A treasure trove of photographs, letters, posters and other documents that lay out the work of the Southern Christian Leadership Conference will be on display through Dec. 1 at Emory University’s Schatten Gallery.
“The historical value of the material is immeasurable,” said Sarah Quigley, one of the co-curators and former SCLC project archivist. These items, she said, “tell a story about SCLC that most people don’t know.”
The organization, founded in 1957, tackled issues that are still relevant today, like gun violence, health care and international human rights.

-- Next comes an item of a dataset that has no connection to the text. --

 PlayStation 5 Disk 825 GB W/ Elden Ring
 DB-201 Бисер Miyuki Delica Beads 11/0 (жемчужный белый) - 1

About 200 items in “And the Struggle Continues: The Southern Christian Leadership Conference’s Fight for Social Change” were culled from a larger, more extensive SCLC collection. The collection has been available for nearly a year at Emory’s Manuscript, Archives and Rare Book Library.
The exhibit, which opens Thursday, focuses on the ongoing struggle for civil and human rights after the death of co-founder the Rev. Martin Luther King Jr. in 1968.
On Friday, a number of opening events will celebrate the display, including a noon to 2 p.m. lecture, discussion and book signing with Dorothy Cotton, who once served as SCLC’s education director. Cotton is the author of “If Your Back’s Not Bent: The Role of the Citizenship Education Program in the Civil Rights Movement.”
Also on Friday, from 6-8 p.m. in the Schatten Gallery, several civil rights leaders are scheduled to talk about the SCLC and the movement, including Cotton and U.S. Rep. John Lewis, who was also a Freedom Rider.
The collection was originally acquired from the organization for an undisclosed price in 2007.